§ WORK INSTRUCTION:
This exercise calls for the records to be returned exactly, with images removed.

[Collected data]

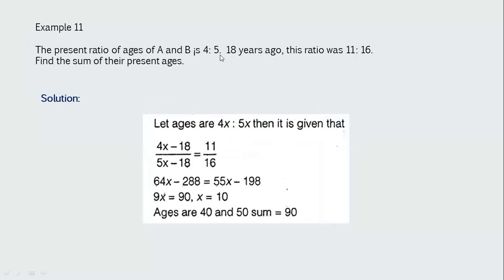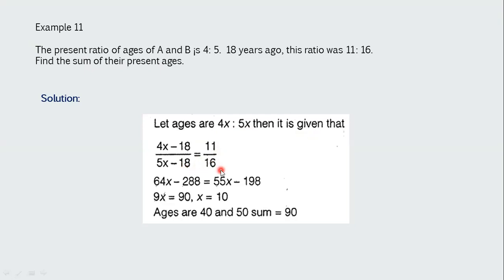Example 11: The present ratio of ages of A and B is 4:5. Eighteen years ago the ratio was 11:16. Find the sum of their present ages. Let ages be 4x and 5x. Then (4x−18)/(5x−18) = 11/16. Cross-multiplying: 64x − 288 = 55x − 198, so 9x = 90, x = 10. Present ages: 40 and 50. Sum = 90.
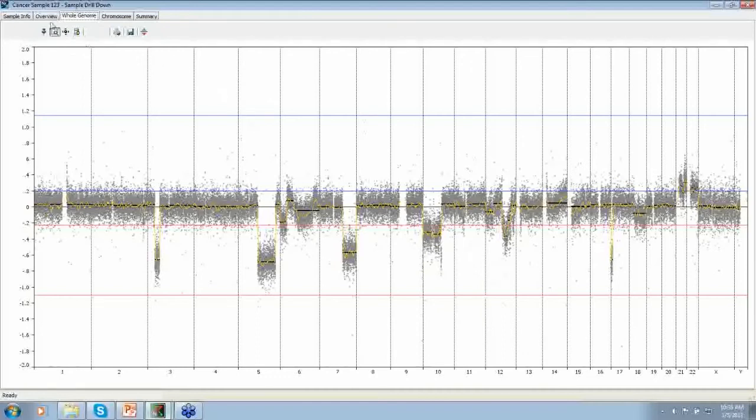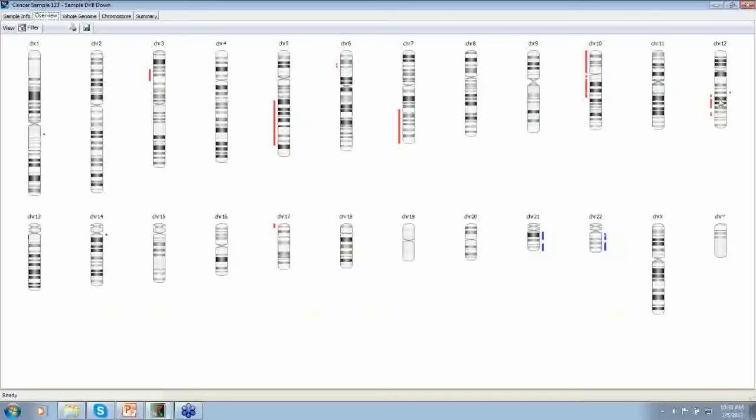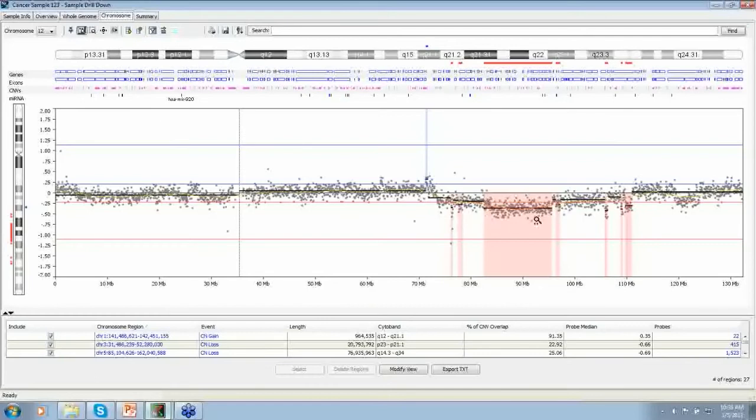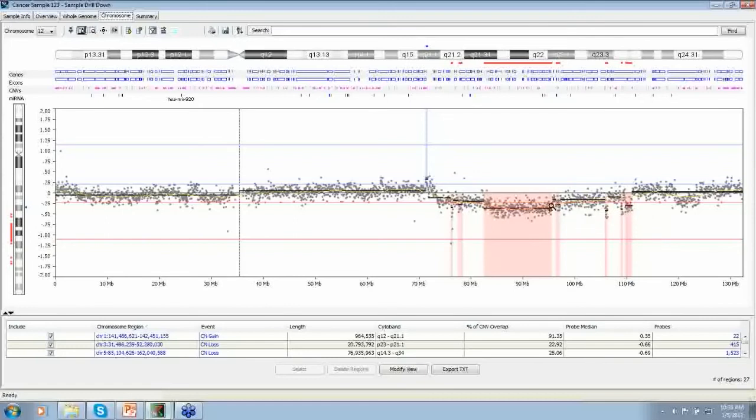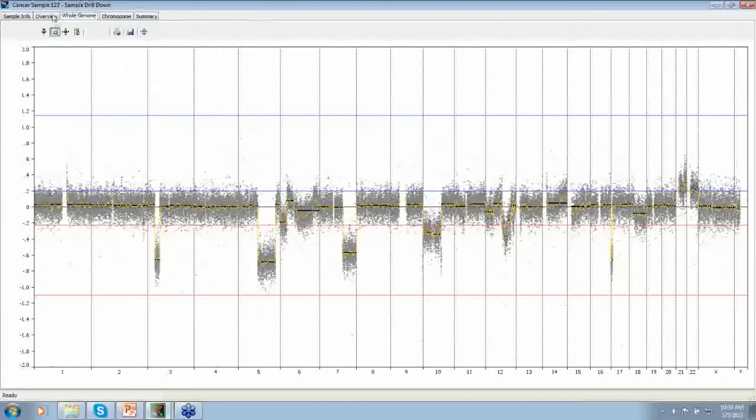So based on just the default settings, these are the calls that are made on chromosome 12, for example. It's a good case and I've used this before. This area is being called the loss but the flanking areas are just missing the threshold. So the question becomes at what level of mosaicism do you want to pick up these losses?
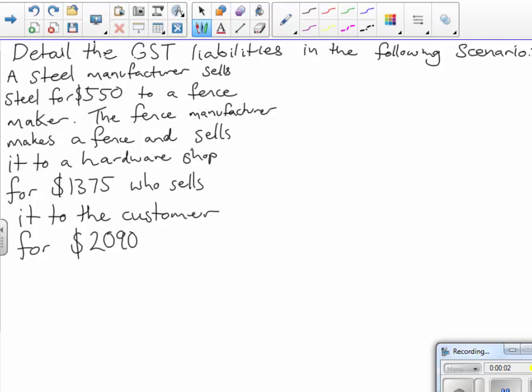In this scenario we are supposed to work out the GST liabilities for the following: a steel manufacturer sells steel for $550 to a fence maker; the fence manufacturer makes a fence and sells it to a hardware shop for $1,375, who sells it to the customer for $2,090. So the question is, where does the GST get paid?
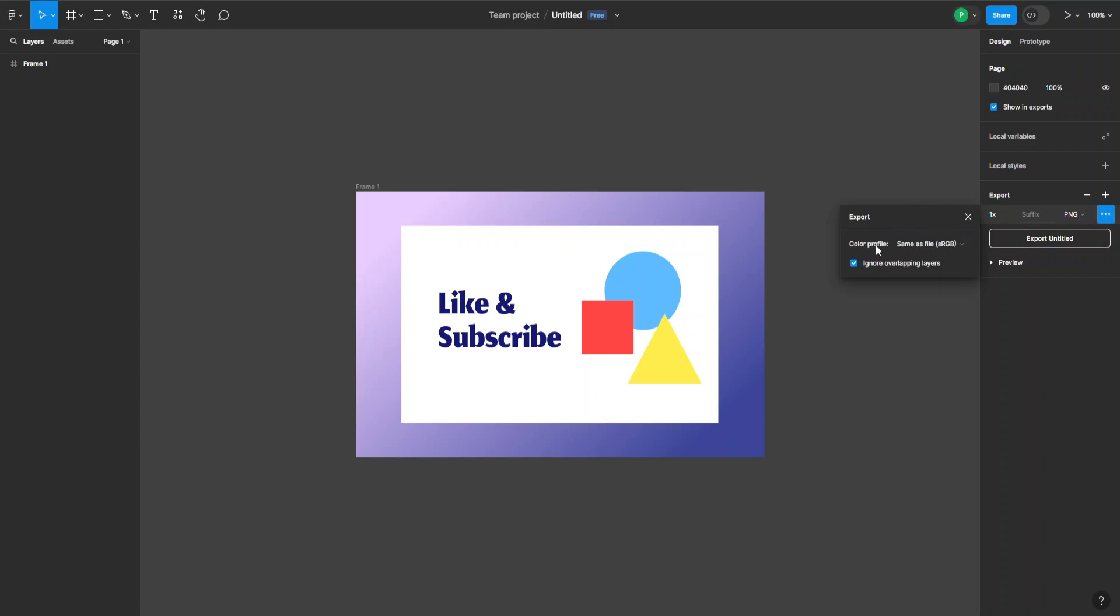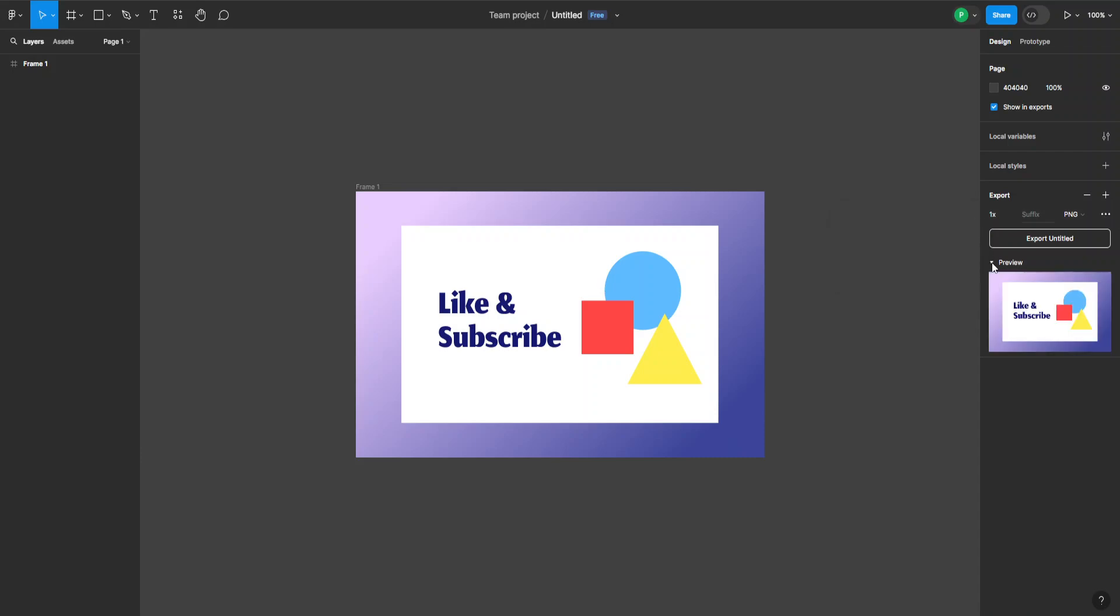Now we can choose the color profile from here and we can choose ignore overlapping layers. I'm going to leave this selected here. And now we can see a preview of what it's going to look like when we export it.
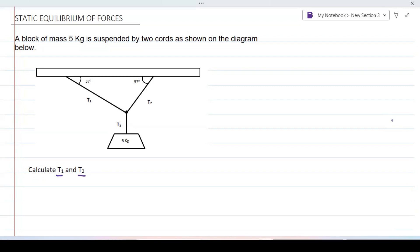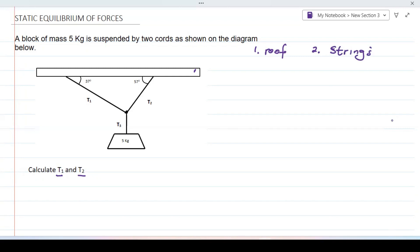Before I show you how to solve the problem, I want to bring to your attention that there are three things involved here. Number one is this part here, which could represent a roof or ceiling. Then we have strings — string one, string two, and string three.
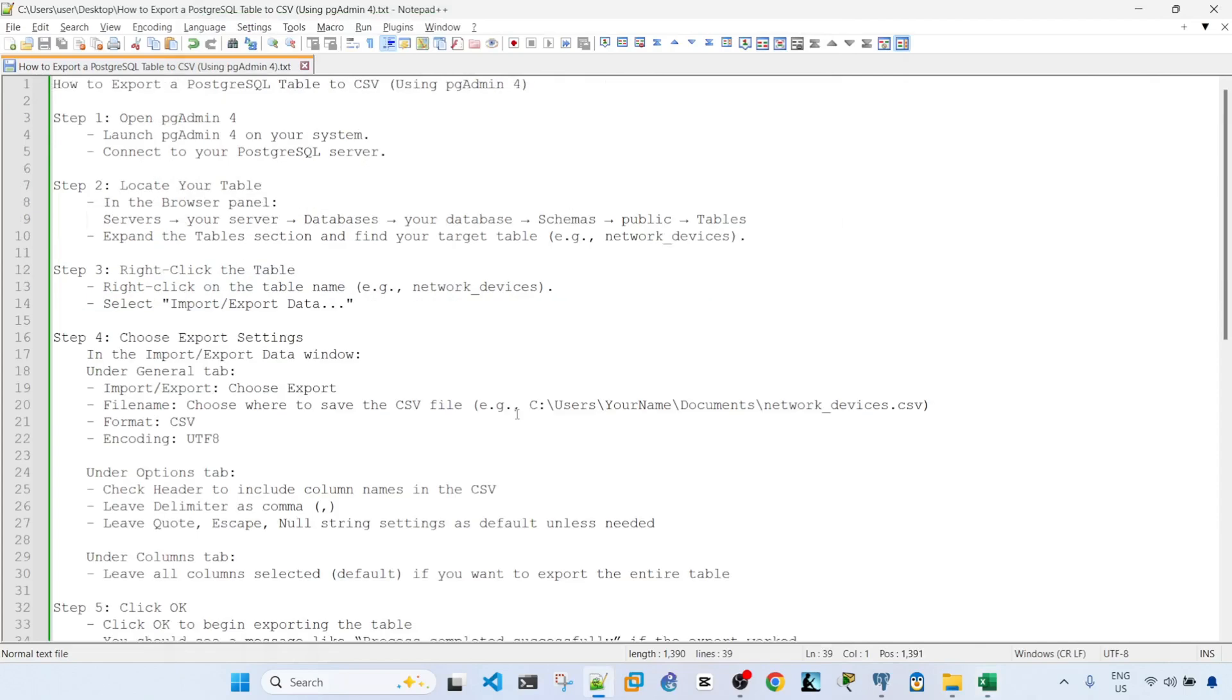Alright, so that's how you can quickly export a PostgreSQL table into a CSV file using pgAdmin4. Hopefully you found this video useful. If you have, don't forget to hit like, subscribe, and I'll see you in the next one. Bye for now.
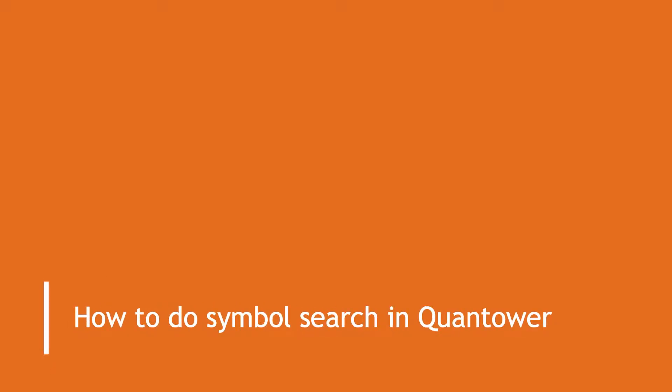Welcome to Quantower. In this video, let us learn how to search symbols in Quantower trading platform.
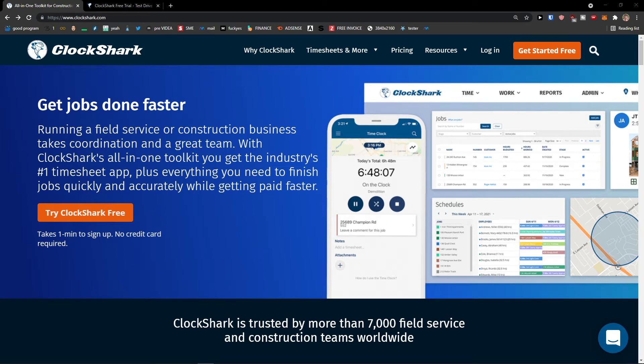Hey there guys, my name is Marcus and in this video I'm going to show you step-by-step process how you can easily use ClockShark.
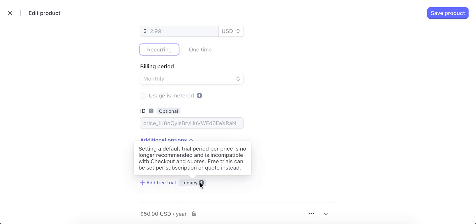It says legacy. So setting a default trial period where price is no longer recommended compared with checkout and quotes. Free trials can be set per subscription or quote instead.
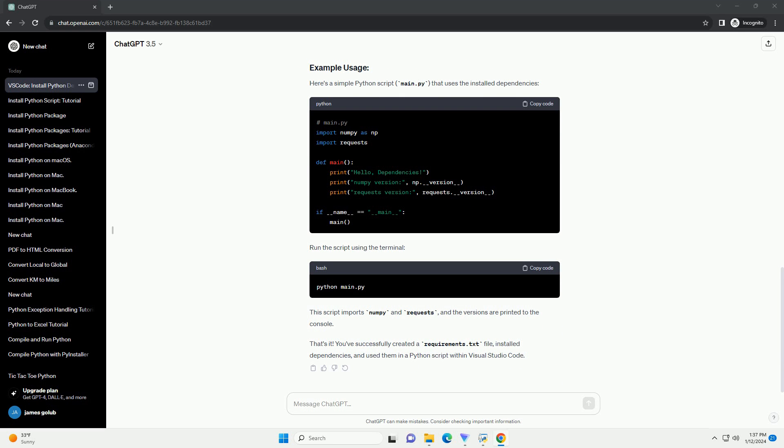You can verify that the dependencies are installed by checking the lib/site-packages directory within your Python environment or by running.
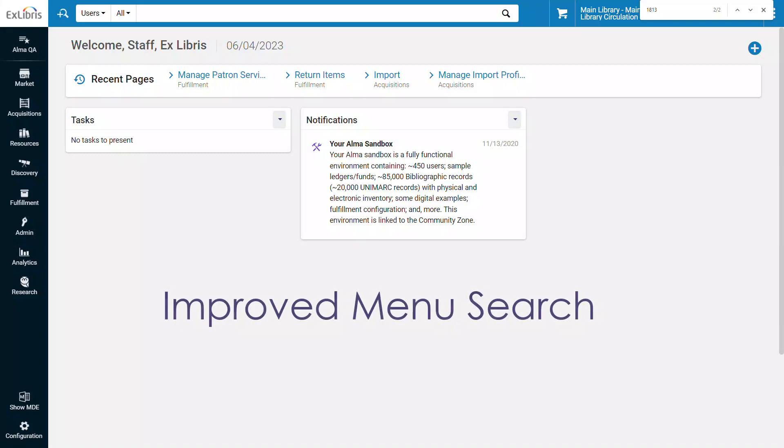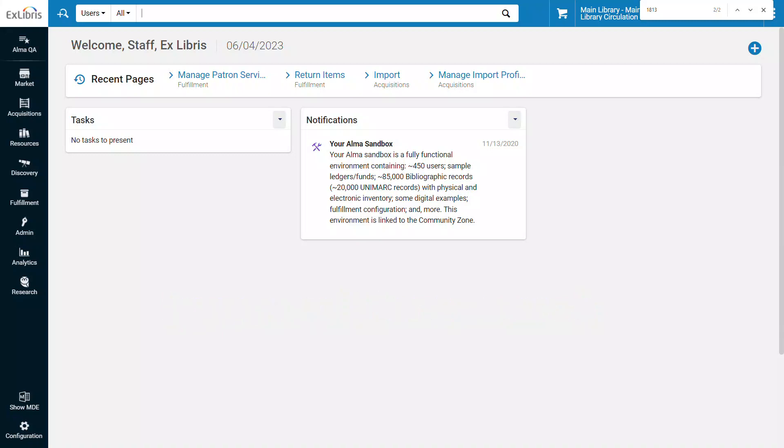The Alma menu search is now more flexible and intuitive and can provide suggested menu options for misspelled search terms or for related and interchangeable terms that describe the action you want.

§ ANSWER SPACE:
Example 11: The present ratio of ages of A and B is 4:5. Eighteen years ago the ratio was 11:16. Find the sum of their present ages. Let ages be 4x and 5x. Then (4x−18)/(5x−18) = 11/16. Cross-multiplying: 64x − 288 = 55x − 198, so 9x = 90, x = 10. Present ages: 40 and 50. Sum = 90.
So based on just the default settings, these are the calls that are made on chromosome 12, for example. It's a good case and I've used this before. This area is being called the loss but the flanking areas are just missing the threshold. So the question becomes at what level of mosaicism do you want to pick up these losses?
In this scenario we are supposed to work out the GST liabilities for the following: a steel manufacturer sells steel for $550 to a fence maker; the fence manufacturer makes a fence and sells it to a hardware shop for $1,375, who sells it to the customer for $2,090. So the question is, where does the GST get paid?
Now we can choose the color profile from here and we can choose ignore overlapping layers. I'm going to leave this selected here. And now we can see a preview of what it's going to look like when we export it.
Before I show you how to solve the problem, I want to bring to your attention that there are three things involved here. Number one is this part here, which could represent a roof or ceiling. Then we have strings — string one, string two, and string three.
Alright, so that's how you can quickly export a PostgreSQL table into a CSV file using pgAdmin4. Hopefully you found this video useful. If you have, don't forget to hit like, subscribe, and I'll see you in the next one. Bye for now.
Welcome to Quantower. In this video, let us learn how to search symbols in Quantower trading platform.
Hey there guys, my name is Marcus and in this video I'm going to show you step-by-step process how you can easily use ClockShark.
It says legacy. So setting a default trial period where price is no longer recommended compared with checkout and quotes. Free trials can be set per subscription or quote instead.
You can verify that the dependencies are installed by checking the lib/site-packages directory within your Python environment or by running.
The Alma menu search is now more flexible and intuitive and can provide suggested menu options for misspelled search terms or for related and interchangeable terms that describe the action you want.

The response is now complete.